*TASK REQUIREMENTS*
Below are records with pictures. Transcribe exactly, and only, the lines from the line with "Photo of 19222" to the line with "Ketua Umum IMI", both ends included, but not the pictures.
-- EXCERPTED RECORDS follows --
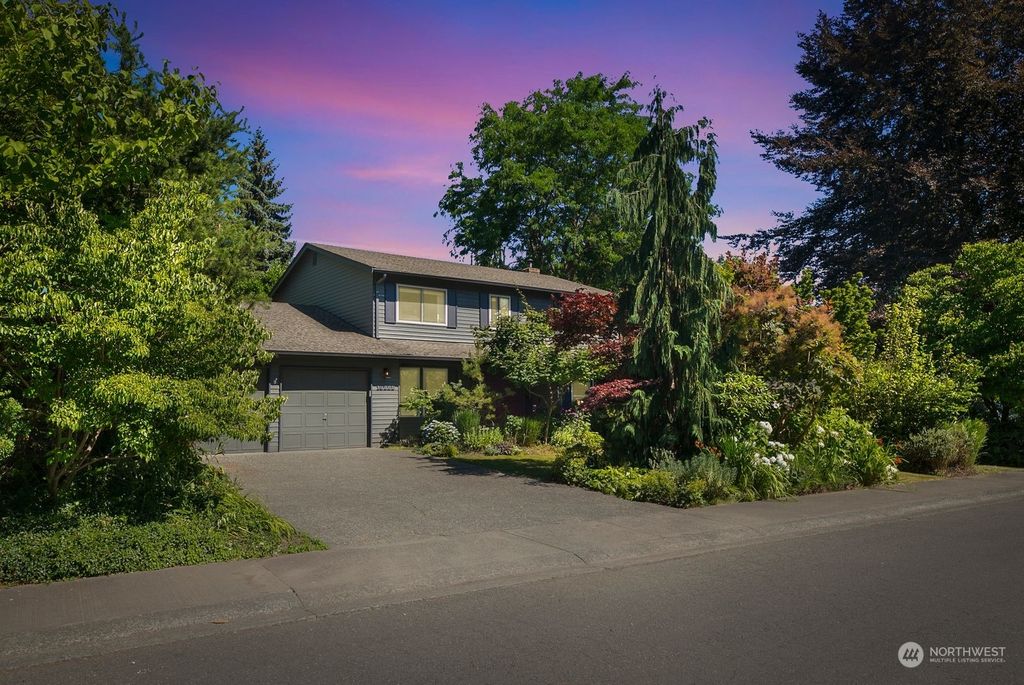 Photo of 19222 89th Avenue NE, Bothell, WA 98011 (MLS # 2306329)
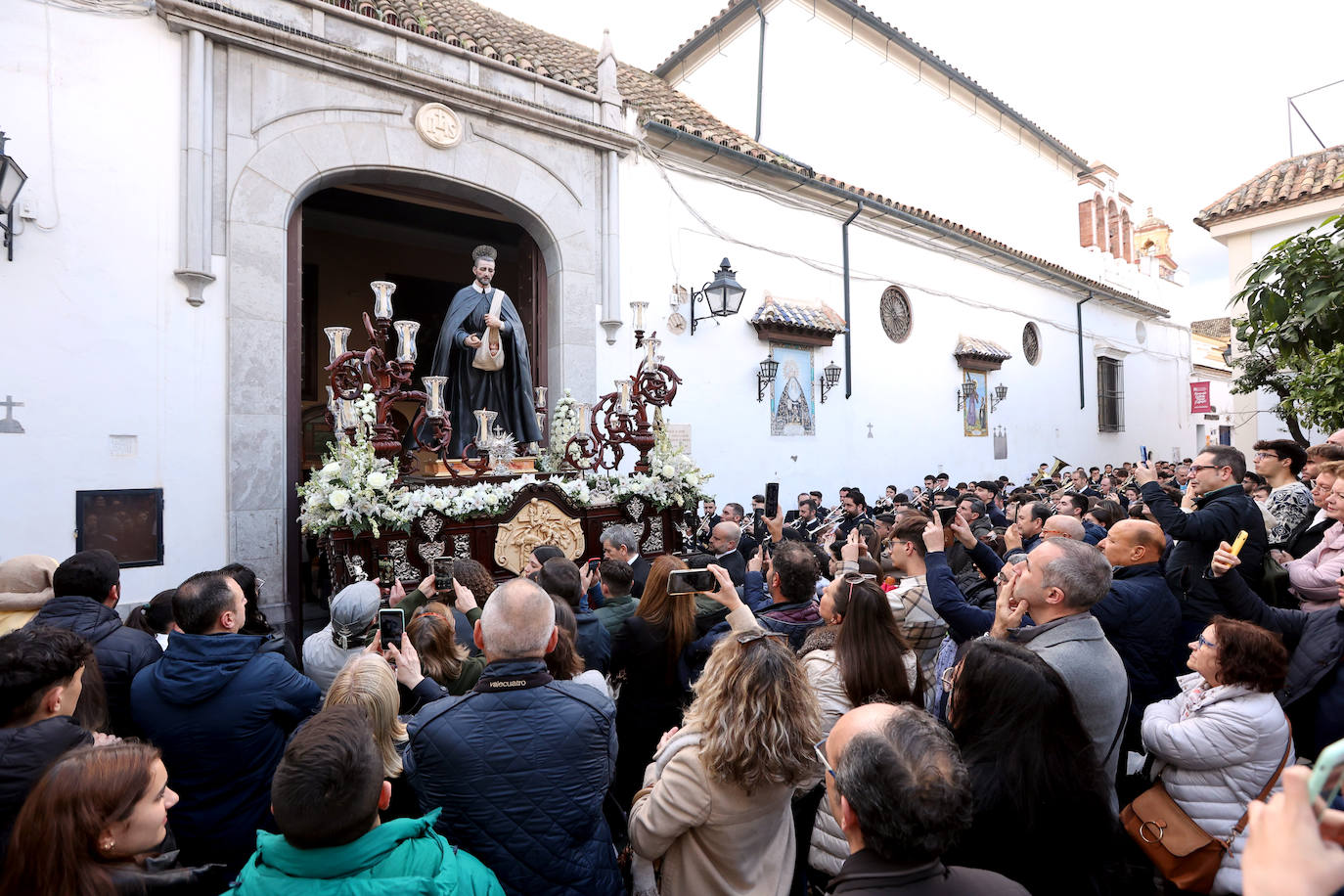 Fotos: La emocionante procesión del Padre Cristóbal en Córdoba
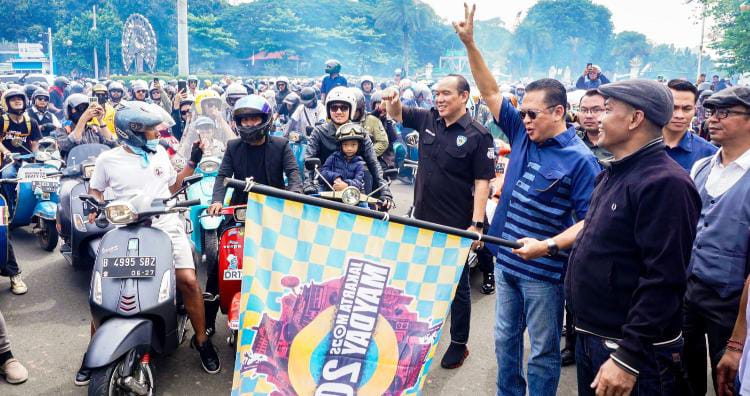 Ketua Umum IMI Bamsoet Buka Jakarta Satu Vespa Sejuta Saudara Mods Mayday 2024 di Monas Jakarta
-- EXCERPTED RECORDS concluded --
-- EXCERPTED RECORDS follows --
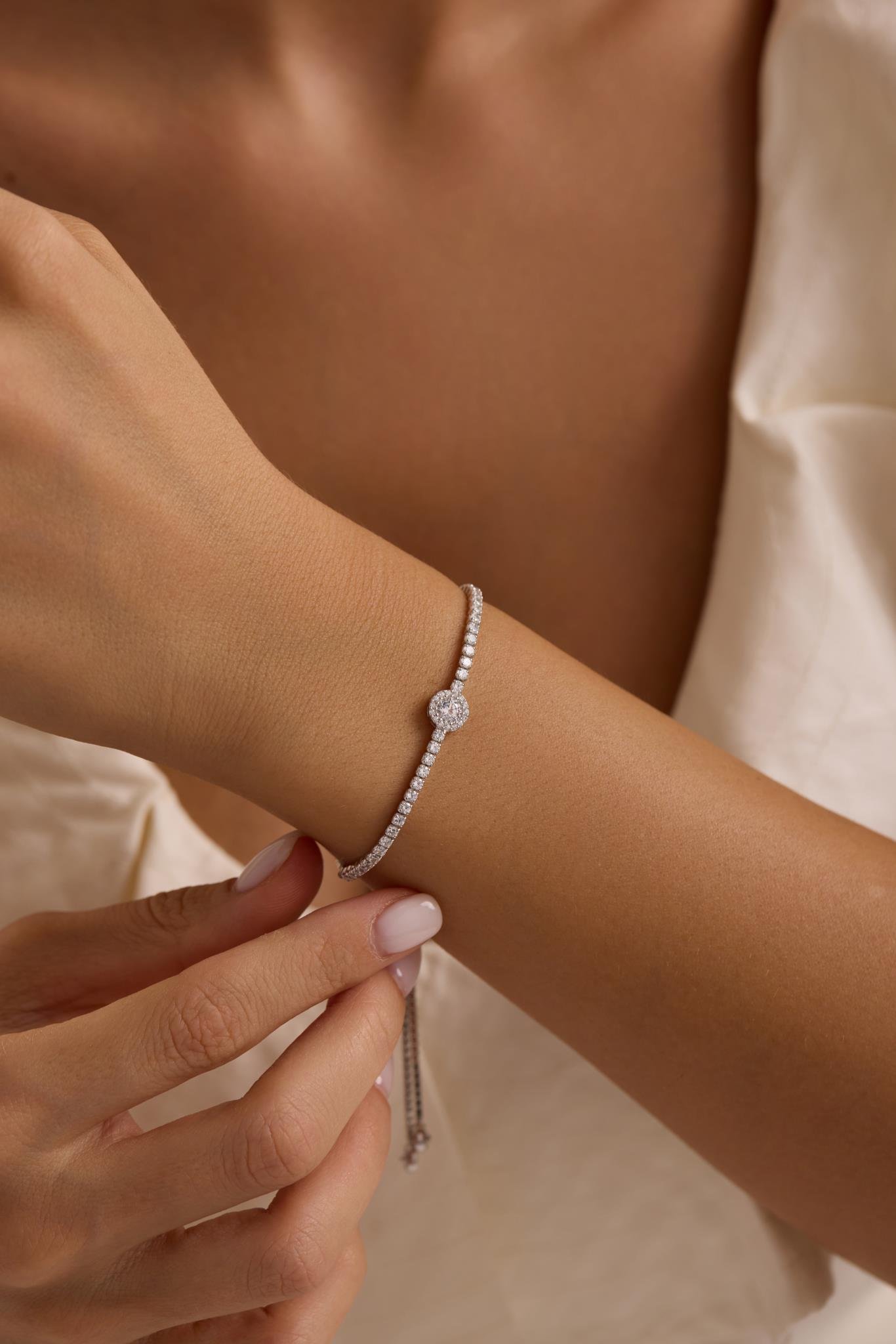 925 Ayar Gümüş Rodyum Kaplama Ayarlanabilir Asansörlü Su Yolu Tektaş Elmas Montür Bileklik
-- EXCERPTED RECORDS concluded --
*OUTPUT FOR THIS EXERCISE*
 Photo of 19222 89th Avenue NE, Bothell, WA 98011 (MLS # 2306329)
 Fotos: La emocionante procesión del Padre Cristóbal en Córdoba
 Ketua Umum IMI Bamsoet Buka Jakarta Satu Vespa Sejuta Saudara Mods Mayday 2024 di Monas Jakarta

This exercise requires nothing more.